Halocarbon Isoimidization Processing Agents Enable more Efficient Synthesis of PSPIs
Motivated by the challenges of the thionyl chloride route for polyamic ester synthesis, Halocarbon Electronics Solutions worked with leaders in the industry to develop an alternative and simplified approach. This route does not generate byproducts upon formation of the ester and amide bonds of the polyamic ester, thus eliminating the need for costly post-polymerization purification. Moreover, control of the polymer molecular weight is enabled through controlled condensation polymerization strategies involving diamines and dianhydrides. This route has been realized using the polyisoimide as a reactive precursor that can be cleanly and easily transformed to the desired polyamic ester. Moreover, this polyisoimide can be generated easily and cleanly using Halocarbon Isoimidization Process Agents. Because the polyamic ester can be generated cleanly and without evolution of any byproducts from the reaction of polyisoimides and alcohols, the polyisoimide route is a preferred method to produce photosensitive polyimides.
Upon completion of the polyamic ester synthesis, the solid resin is precipitated with water and then washed extensively before drying. The purified resin is then be formulated into the final PSPI formulation for use in advanced electronic packaging applications.
Figure 4. Polyisoimide route for the clean, simple, and efficient production of polyamic esters.

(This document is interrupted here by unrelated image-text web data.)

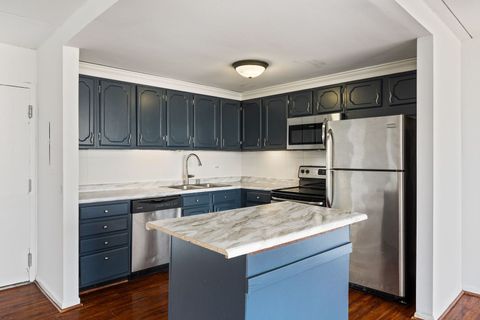 Tiny photo for 2005 S Finley Road #1204, Lombard, IL 60148 (MLS # 12488119)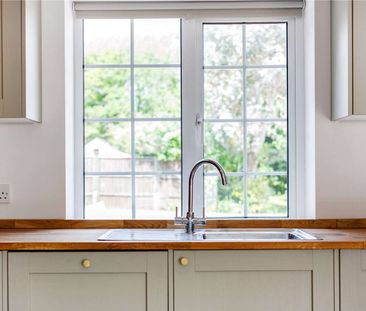 A charming two bedroom cottage in the heart of Hamptworth - Photo 1
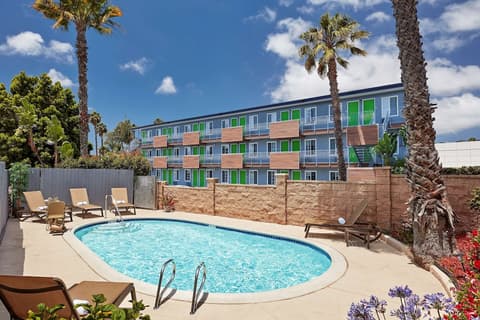 SureStay Hotel by Best Western San Diego Pacific Beach, Pool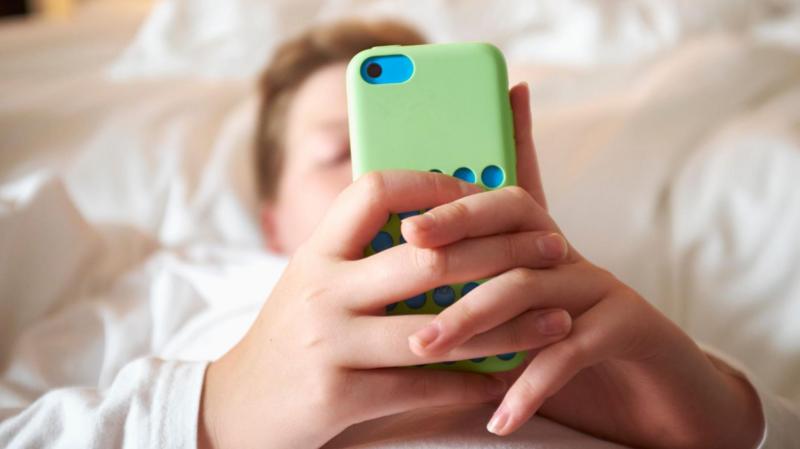 Teens launch High Court challenge to Australia's social media ban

The Halocarbon Electronics Solutions Isoimidization Processing Agents are high purity, electronics-grade, process chemicals available in large quantities and high quality to enable the clean production of polyisoimides to produce photosensitive polyimides. As outlined above, the following benefits are provided with the use of Halocarbon Process Agent:
- Efficient production of PSPIs through the Polyisoimide intermediate leading to the Polyamic Ester precursor
- The clean production of Polyamic Esters without the generation of chloride ions or other byproducts
- Elimination of the need for reduced temperatures for the entire synthetic scheme
Semiconductor Packaging is driving More than Moore due in part to access to advanced materials made in efficient means. Halocarbon Electronics Solutions will continue to do our part to enable these vital materials.